Jed MacKay has been turning his titular hero into a symbol that protects the innocent and the weak from all manner of predatory creatures. But Moon Knight is aware of his true nature and wants to atone for his past mistakes. Even though his recent brand of justice earns him a few friends, it does not sit well with others who want to return Moon Knight to his "glorious" past. Moon Knight #12 starts with Zodiac making good on his ultimatum, setting Marc on a dark road of untethered violence. With the narrative jumping from one action sequence to another, every character gets a role to play in this chaotic finale. But somehow, in all the chaos, the story seems to maintain a cohesive rhythm, balancing aggression and sentimentality well.
Cappuccio's artwork can display the characters in dynamic action and douse the book in a mystical aura whenever the need arises. He uses a plethora of hatching lines and shadowy inking on the backdrop to create an undoubtedly dramatic setting. Cappuccio uses the framing of the panels to great effect, using Dutch tilts and low-angle shots to emphasize the intensity and velocity with which the characters move. Meanwhile, colorist Rachelle Rosenberg cooks up a storm using bright, fiery colors amid the darkening scenery, creating a sharp contrast. As usual, Moon Knight looks shiny in his white vestments as the background changes color depending on the mood.

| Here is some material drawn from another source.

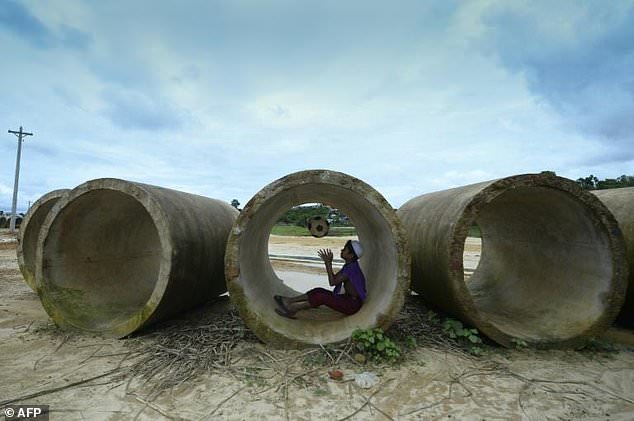 A Rohingya child plays with a football inside a sewage pipe at a refugee camp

Moving at a breakneck speed, Moon Knight #12 is end-to-end action that brings the curtain down on an intriguing arc with the same amount of ardor as at the beginning of the series. While Greer and Marc's relationship throughout the series has been surprisingly healthy, this issue is the first time that Marc extends a warm hand to Reese to soothe her in her time of need. Despite the sharp dialogues and dynamic art, the main villain problem persists. Zodiac is a one-dimensional supervillain whose antics are cliched and add nothing substantial to the character growth of Moon Knight. That said, Moon Knight #12 ends with the anticipated return of one persona that rights the wrongs perpetrated in both literal and metaphorical senses.